Alice had been very sober ever since the wedding. The night before Chicken Little had found her crying.
“It’s nothing, dear. I’m just silly enough to be worrying because I can’t be somebody,” she told Chicken Little. “If I could only find a way to go to school two years so I could teach! I have been thinking of trying to work for my board, but Mary Miller did that and she had to work so hard she didn’t have time to study and she got sick. I don’t see how I could pay for my books and clothes either. Perhaps Uncle Joseph would lend me the money if I’d write to him—I could pay it back when I got to teaching. But I can’t bear to, after the way he treated Mother. She wrote to him when Father died asking him to help settle up Father’s affairs. He sent her $500 and said that was all he could do for her—that he couldn’t spare the time to come here—she could hire a lawyer. Mother never wrote to him again and we never heard from him afterwards. I’ve been told he still lives in Cincinnati and is very rich. Oh, dear, if I only could get that bank stock money—I wish Mr. Gasset would hurry up and do something.”
Alice poured out her troubles to the child for want of an older listener and Chicken Little sympathized acutely.

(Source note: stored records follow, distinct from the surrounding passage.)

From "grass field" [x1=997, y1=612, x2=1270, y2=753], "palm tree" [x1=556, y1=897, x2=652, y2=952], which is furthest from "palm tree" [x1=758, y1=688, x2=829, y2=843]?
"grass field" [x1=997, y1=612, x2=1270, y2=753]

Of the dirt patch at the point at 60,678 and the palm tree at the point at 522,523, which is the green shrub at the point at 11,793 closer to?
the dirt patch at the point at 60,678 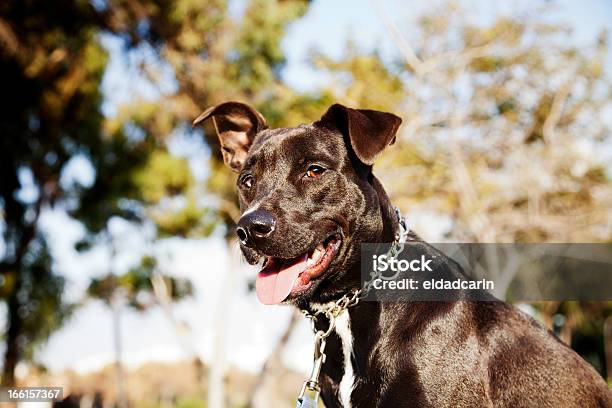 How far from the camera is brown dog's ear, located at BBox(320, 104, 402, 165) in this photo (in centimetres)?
333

She wanted to talk it over with her father but Dr. Morton had been called away some distance into the country to see a patient and had not returned. She relieved her mind to Katy and Gertie on the way to school that morning and they were satisfyingly indignant over Alice’s troubles, but had no suggestions to offer.
“Her uncle’s an old skinflint—that’s what he is. He’s awful rich and owns a big stove factory all by himself. Father orders stoves from there. He and Mamma say it’s a shame he doesn’t do something for Alice when she’s his only brother’s child.”
The matter troubled Jane all day and she was still thinking about it when she started home from school. She was half way home before she remembered about going to the postoffice.
There was a letter from Frank and she was just starting homeward again with it clasped tight in her hand, when someone hailed her.
“Hello, Chicken Little Jane, are you postman today?”
It was Dick Harding.
“Going straight home? I’m going your way then. Here, let me carry your books.”